There are 2 variables that involve the population health the number of injuries (INJURIES) and the number of deaths (DEATHS) In order to summarise the data and answer our question we have to load the dplyr package

library("dplyr", lib.loc="~/R/win-library/3.2")
## 
## Attaching package: 'dplyr'
## 
## The following object is masked from 'package:stats':
## 
##     filter
## 
## The following objects are masked from 'package:base':
## 
##     intersect, setdiff, setequal, union

Now will make a summary data by number of injuries grouped by event type and make a graph of the top five causes of injuries by natural catastrophes in the united states.

bad_health_injuries <- summarise(group_by(Storm.data, EVTYPE), Total_injuries=sum(INJURIES))
bad_health_injuries<-arrange (bad_health_injuries, desc(Total_injuries))
top_five_injuries <- bad_health_injuries[1:5,]
barplot(top_five_injuries$Total_injuries,names.arg=top_five_injuries$EVTYPE,cex.names=0.8, main="Number of injuries caused")

Now will make a summary data by number of deaths grouped by event type and make a graph of the top five causes of deaths by natural catastrophes in the united states.

bad_health_deaths <- summarise(group_by(Storm.data, EVTYPE), Total_deaths=sum(FATALITIES))
bad_health_deaths<-arrange (bad_health_deaths, desc(Total_deaths))
top_five_deaths <- bad_health_deaths[1:5,]
barplot(top_five_deaths$Total_deaths,names.arg=top_five_deaths$EVTYPE,cex.names=0.6, main="Number of Deaths caused")

which types of events have the greatest economic consequences?
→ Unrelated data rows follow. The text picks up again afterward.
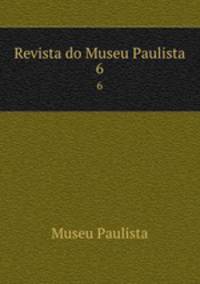 Revista do Museu Paulista. 6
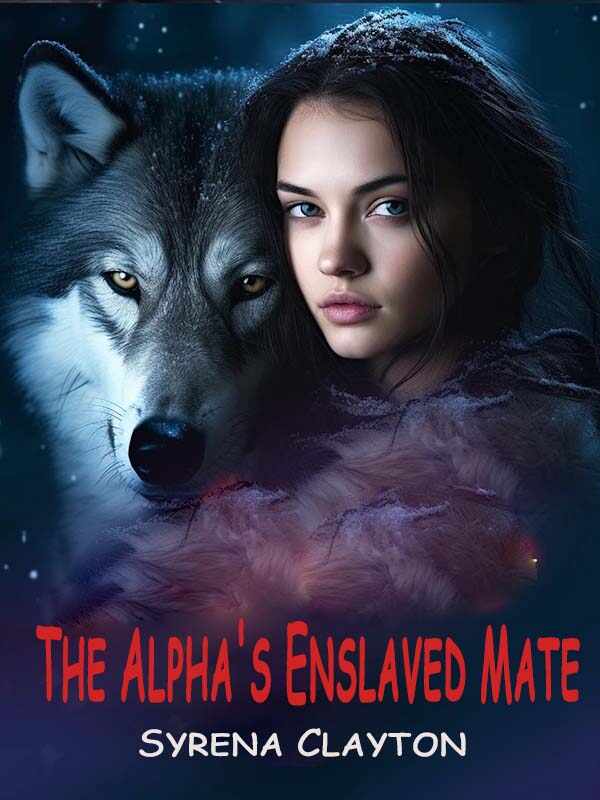 Enslaved Mate: Cilla's Forbidden Love with the Alpha King Ridian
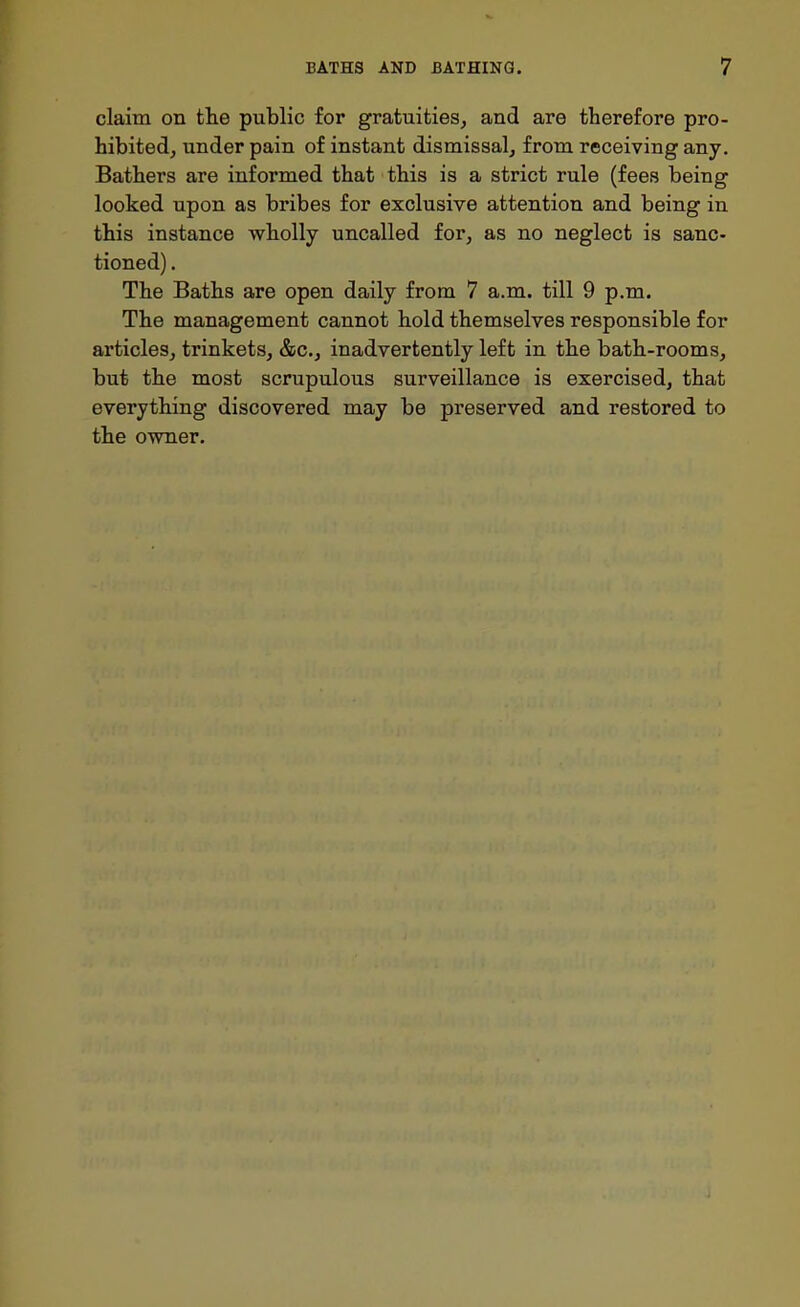 claim on tlie public for gratuities, and are therefore pro- hibited, under pain of instant dismissal, from receiving any. Bathers are informed that this is a strict rule (fees being looked upon as bribes for exclusive attention and being in this instance wholly uncalled for, as no neglect is sanc- tioned) . The Baths are open daily from 7 a.m. till 9 p.m. The management cannot hold themselves responsible for articles, trinkets, &c., inadvertently left in the bath-rooms, but th.e most scrupulous surveillance is exercised, that everything discovered may be preserved and restored to the owner.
In terms of economic losses the variables CROPDMG and PROPDMG acount for the estimated losses in dollars for crop damage and property damage respectibly. In our analysis economic losses are counted as the sum of properties and crop losses. We sum both losses and graph the top five natural disasters that cause more economic losses

Economic_loss <- summarise(group_by(Storm.data, EVTYPE), Total_loss=(sum(CROPDMG)+sum(PROPDMG)))
Economic_loss<-arrange (Economic_loss, desc(Total_loss))
top_five_loss <- Economic_loss[1:5,]
barplot(top_five_loss$Total_loss,names.arg=top_five_loss$EVTYPE,cex.names=0.8, main="Total economic loss")

Final thoughts

Tornados are the only natural catastrophe in the top five in all three categories. Furthermore, they are the top cause of injuries, deaths and economic loss in the US and they always at least double the second cause.